What's needed is an exact copy of all the data below, without pictures.

### RECORDED INFORMATION
>>>
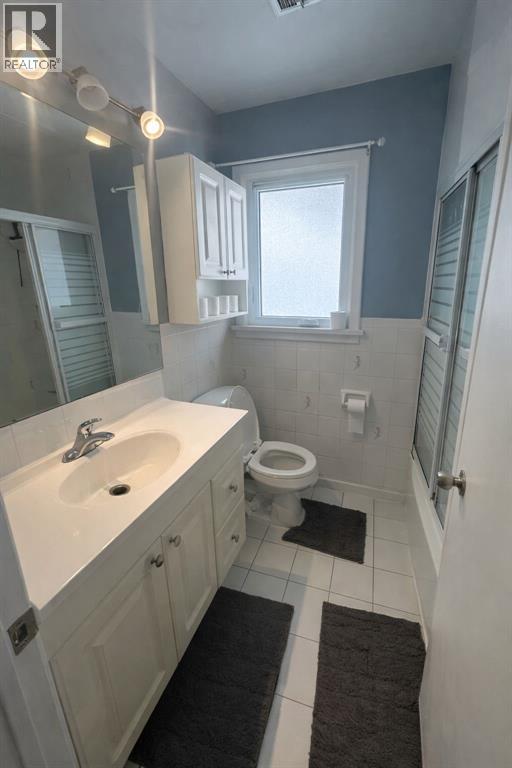 66 Tweedsmuir Avenue, Sarnia, Ontario  N7S 2S1 - Photo 5 - 26002507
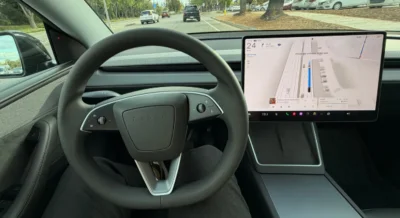 Tesla FSD approuvé aux Pays-Bas : enjeux sécurité UE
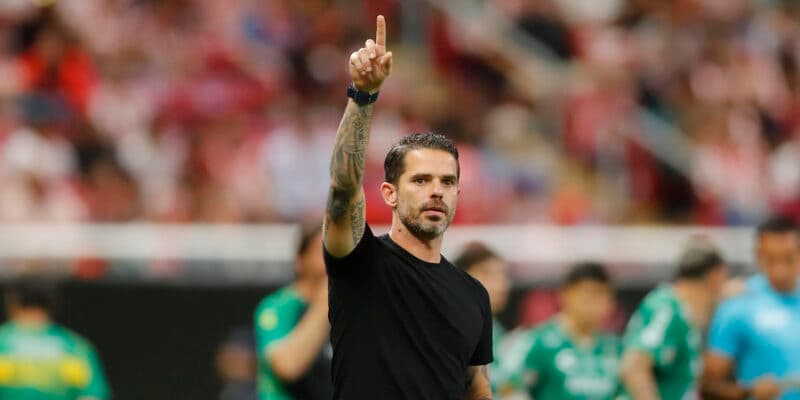 El argentino Fernando Gago ¡SE QUEDA!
<<<
### FINAL ANSWER
 66 Tweedsmuir Avenue, Sarnia, Ontario  N7S 2S1 - Photo 5 - 26002507
 Tesla FSD approuvé aux Pays-Bas : enjeux sécurité UE
 El argentino Fernando Gago ¡SE QUEDA!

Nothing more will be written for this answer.